69th Bluebonnet Trails Festival was celebrated with live music

Kenya Menjivar
Waxahachie Daily Light

The 69th Bluebonnet Trails Festival took place this past weekend in Ennis, from Friday, April 16, through Sunday, April 18, with vendors and food trucks covering downtown.

Families and friends hung around the main stage at the Bluebonnet Trails Festival.

Although Friday seemed to be a bit gloomy in the weather, the festival began at 1 p.m. after postponement. A $5 entrance fee was needed to get into the festival, with access to all the live entertainment.

Many festival attendees visited the Beer Garden Saturday  afternoon.

Owner of local shop Scentsy, Tiffany Burns, has been a part of the festival since 2014. She had her tent up and filled with many of her waxes.

“Amazing. There’s been a lot of people, foot traffic since the doors opened,” Burns shared. “It was rainy on the first day, so I didn’t think there was going to be a whole lot of people, but there was quite a bit of traffic.”

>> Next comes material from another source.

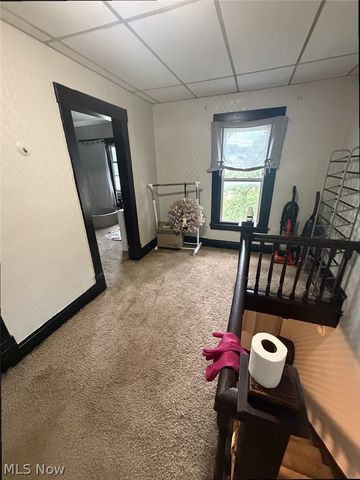 607 Adams Street, Martins Ferry, OH 43935
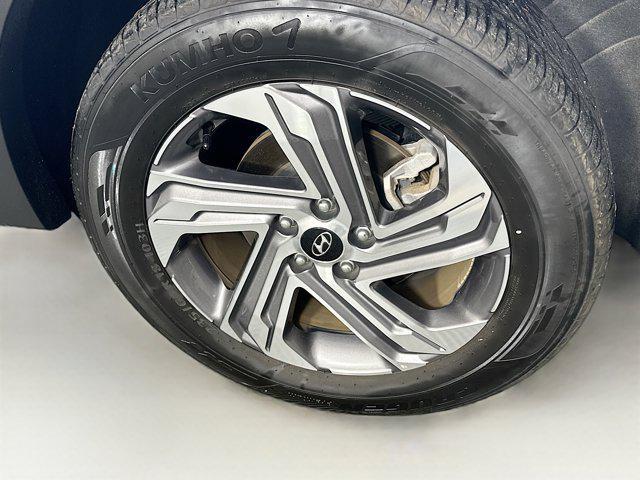 used 2023 Hyundai Santa Fe car, priced at $21,997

Burns was excited to be back after last year’s cancellation. 

“Just the people. Everyone is super friendly. The town is great,” Burns said.

On Friday, the beer and wine garden was accessible near the main stage, which full of live music, with the band Le Freak performing at 7:30 p.m.

On Saturday, the festival began at the original time of 10 a.m., with vendors, kids activities, food trucks and more live music. Downtown was filled with many visitors and dogs, as they pranced around behind their owners. 

Collins Inyang-Etim was a first-time attendee of the festival on Saturday. 

“It’s my first time here. Actually, I’ve never been to Ennis before. I’m hanging out with my photography friends, so we decided to come to the festival and you know just explore,” Inyang-Etim shared. 

He was in town to also take picture of the bluebonnets in bloom. 

“The bluebonnets ... I always grew up seeing them, but you know like since I’m a photographer now, I’ve been a photographer for a long time, I never had the chance to do bluebonnets, and that would be a good add to my portfolio. I work with a lot of nature,” Inyang-Etim said. 

The Dallas String Quartet played at 1 p.m. and 3:30 p.m, with Infinite Journey playing at 7:30 p.m. 

Lauren Ruffin, owner of local store Fern in the Wild, was present for her first festival. 

Lauren Ruffin posed outside of her vendor tent on this windy Saturday afternoon.

“This is Fern in the Wild. We purchased this building, Interior Ideas, in July and we closed down in January, and while we remodel we wanted to come to the festival,” Ruffin said. “It’s beautiful. It’s been great. The rain probably scared people off yesterday, but everybody came out last night. So it was super fun last night, and we’re going do the same tonight (Sunday). Hang out and stay open late.”

Her best seller is her candles, she said.  “They’re hand poured in New York, so they’re made in the U.S. So they’re all soy-based. They burn very clean, and our Tyler company, we’re known for that here. We're the only people who sell it in the area. They’re known for laundry detergent, so people come from all over to get that," Ruffin said.

On Sunday, the festival returned with a performance by The Spazmatics at 4:30 p.m.

Rows of food trucks and vendor tents lined up throughout the festival.

Ashley Colunga, the Ennis Marketing and Communications Director, shared her pride in the celebration of the 69th Bluebonnet Trails Festival.

"We are all completely blown away with attendance! All three days were completely incredible, and we loved seeing so many families from all over making their memories in downtown Ennis and on our bluebonnet trails. The bands were top notch and drew a big crowd each night," Colunga said. "Many of our vendors sold out or had to make numerous trips to restock inventory. One of our longtime vendors said this was his best festival yet."

About 35,000 people attended the festival over the three-day event, with 12 food vendors offering items ranging from corn dogs to gourmet french fries. Food also included tacos, funnel cakes, hot dogs and more.

Although the festival is over, the bluebonnets will still be blooming until the end of April throughout the mapped trails. Visitors are more than welcome to visit the fields covered in the famed Texas flower.